Bisnis.com, JAKARTA – Pemerintah akan menambah daftar sektor yang harus menempatkan devisa hasil ekspor (DHE) di dalam negeri dengan merevisi Peraturan Pemerintah (PP) No. 1/2019 tentang Devisa Hasil Ekspor dari Kegiatan Pengusahaan, Pengelolaan, dan/atau Pengolahan Sumber Daya Alam.
Saat ini, hanya sektor pertambangan serta perkebunan, kehutanan, dan perikanan yang devisanya diwajibkan masuk dalam negeri. Salah satu sektor yang akan ditambahkan, yaitu manufaktur.
Kepala Ekonom Bank Permata Josua Pardede menyampaikan bahwa perluasan cakupan kewajiban DHE bagi sektor manufaktur akan mendorong stabilitas nilai tukar rupiah sejalan dengan terjaganya supply dan demand valas di dalam negeri.
“Dengan aturan ini, likuiditas valas di perekonomian akan cukup ample sehingga stabilitas nilai tukar dapat terjaga, terutama ketika terjadi peningkatan permintaan Dolar AS secara global,” katanya kepada Bisnis, Kamis (12/1/2023).
Untuk bisa berjalan efektif, Joshua menilai aturan DHE ini nantinya harus mendapat dukungan dari Bank Indonesia (BI) yang berencana melakukan operasi moneter valas dengan menawarkan imbal hasil yang lebih menarik bagi para eksportir.
Sebagaimana diketahui, BI pada Desember 2022 menerbitkan instrumen operasi moneter valas yang baru untuk mendorong penempatan DHE khususnya SDA di dalam negeri.
Instrumen operasi moneter valas memberikan potensi bagi perbankan untuk menawarkan imbal hasil yang kompetitif, yang disertai juga dengan pemberian insentif kepada bank, tujuannya untuk memperkuat stabilisasi, termasuk stabilitas nilai tukar rupiah dan pemulihan ekonomi nasional.
Skemanya, jika suku bunga yang ditawarkan di luar negeri sebesar 3,7 persen, BI akan melakukan lelang dengan menawarkan term deposit valas (TDV) dengan suku bunga pada kisaran 3,75 hingga 4 persen, dengan mekanisme yang transparan, kompetitif, dan terbuka bagi seluruh bank dan eksportir.
“Bila kedua regulasi tersebut dapat diimplementasikan, maka para pelaku ekspor juga mendapatkan insentif lebih untuk menempatkan dananya di dalam negeri.

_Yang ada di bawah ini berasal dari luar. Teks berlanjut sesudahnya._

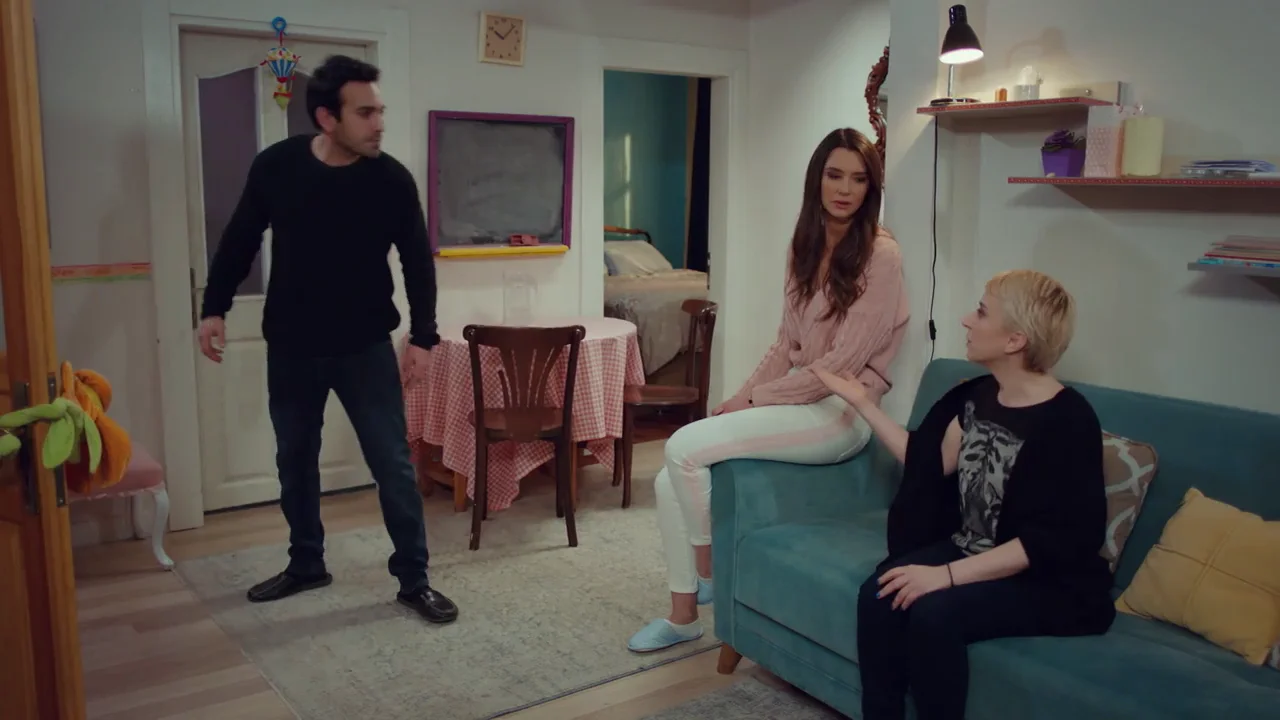 Demir exige una explicaci&oacute;n a Zeynep: &ldquo;&iquest;Por qu&eacute; est&aacute;s aqu&iacute;, qu&eacute; es lo que quieres?&rdquo;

Dukungan BI melalui aturan tersebut juga dapat mendorong keberlanjutan insentif bagi para eksportir jangka panjang,” jelas Josua.
Pada kesempatan berbeda, Ekonom Makroekonomi dan Pasar Keuangan LPEM FEB UI Teuku Riefky mengatakan bahwa penambahan sektor yang diwajibkan menempatkan DHE di dalam negeri akan cukup berdampak dalam mendukung ketersediaan cadangan devisa di dalam negeri yang kemudian akan mempengaruhi stabilitas nilai tukar rupiah.
Apalagi, sebelumnya BI telah menerbitkan instrumen operasi moneter valas yang menurutnya dapat berkontribusi signifikan dalam menarik DHE ke dalam negeri saat ini dan untuk beberapa waktu ke depan.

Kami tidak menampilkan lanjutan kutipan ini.